Ja, das Schweizer Urteil erhöht Mex‘ Chancen auf ein positives Urteil in dem Sinn deutlich. Ab einer Temperatur von 25 Grad sitzt er im Rollstuhl und kann nicht mehr eigenständig gehen. Wenn Mex nicht besonders betroffen ist, dann ist es letztlich niemand. Er ist in einem Ausmaß betroffen, das meiner Ansicht nach in die Argumentation des Europäischen Gerichtshofs hineinfällt, weil die Europäische Menschenrechtskonvention stark darauf ausgerichtet ist, vulnerable Gruppen zu schützen.
Was würde hier ein positives Urteil für Österreich bedeuten?
Mex könnte der erste Fall einer Einzelperson sein, die diese individuelle Betroffenheitshürde nehmen kann. Wenn Mex‘ Fall durchgeht, dann heißt das für Österreich letztlich, dass ein Klimaschutzgesetz geschaffen werden muss, das diesen Namen verdient.
Wann gibt es bezüglich Mex eine Entscheidung?
Ich habe vom Gerichtshof die Information, dass der Fall im Anschluss an den Schweizer Fall behandelt wird. Aber wie schnell es ein Urteil gibt, kann ich nicht sagen, das wird noch dauern. Das Arbeitstempo der Gerichte passt oft nicht mit der Realität der Klima-krise zusammen. Das ist auch grundsätzlich etwas, das wir als Gesellschaft lernen müssen: Es gibt Veränderungen und Realitäten, an die wir uns anpassen müssen und über die wir nicht verhandeln können. Wir haben argumentativ viel Zeit vergeudet, geschoben und diskutiert. Aber wir sind beim Klimaschutz jetzt an einem Punkt, wo man sagen muss, es geht nicht mehr – wir können nicht mehr warten.
Frau Krömer, wir feiern mit dieser Ausgabe zehn Jahre ORIGINAL Magazin und alle Fortschritte und Bemühungen, die es in diesem Zeitraum für mehr Umweltschutz gegeben hat – auch wenn es noch nicht genug sind. Wo werden wir uns Ihrer Meinung nach in zehn Jahren im Klimaschutz befinden?

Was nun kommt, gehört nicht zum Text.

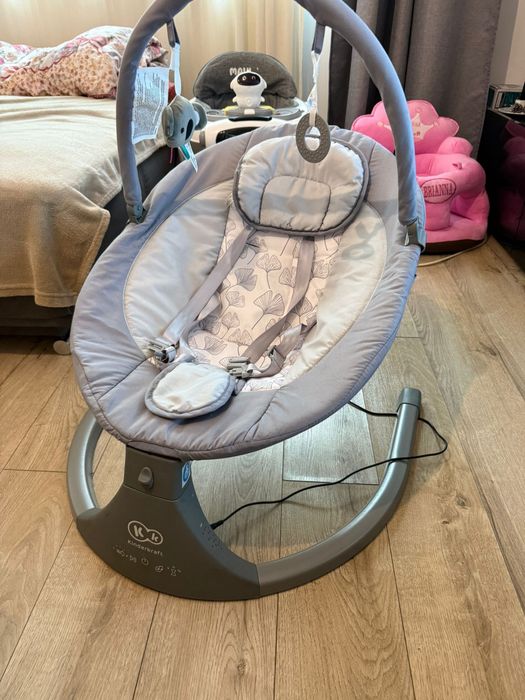 Vand leagan electric si aparat gatit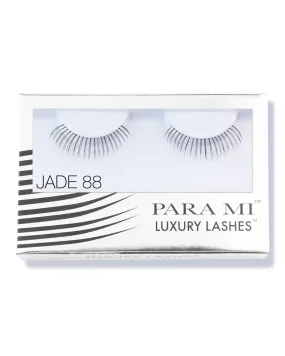 Luxury Lashes Eyelashes - Jade 88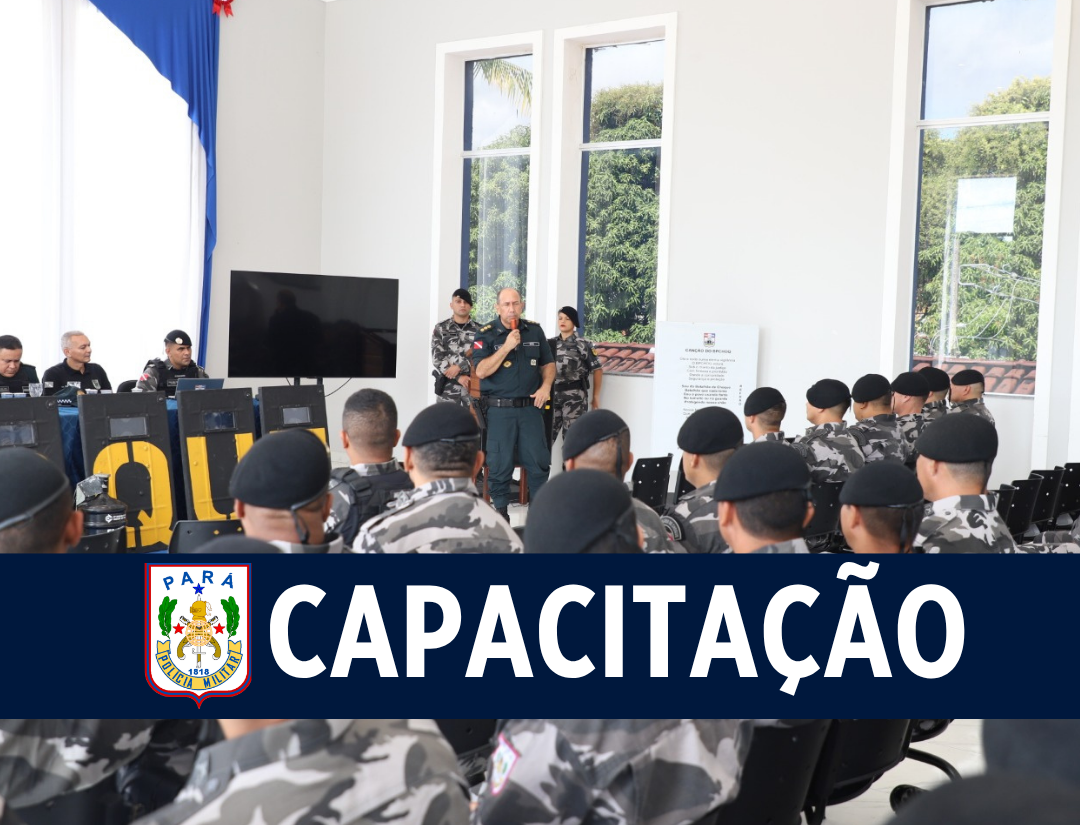 PMPA promove aula inaugural do VIII Curso de Operações de Choque
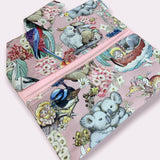 Pelican Tales Snuggle Pot May Gibbs Nappy Clutch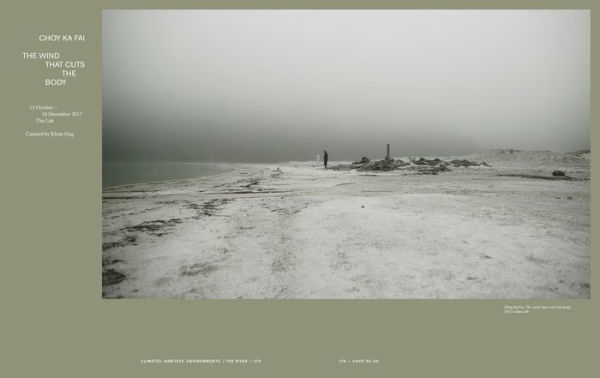 Climates. Habitats. Environments.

In zehn Jahren haben wir 2034. Da würde ich mir wünschen, dass Österreich die europäischen Klimaziele sogar noch übertroffen hat. Wir wissen, dass die zwischenzeitlichen europäischen Klimaziele nicht im Einklang mit dem Pariser Übereinkommen stehen. Ich würde mir wünschen, dass wir dann tatsächlich auf einem Kurs sind, das Pariser Abkommen einzuhalten. Und zwar faktisch, und nicht nur im Diskurs.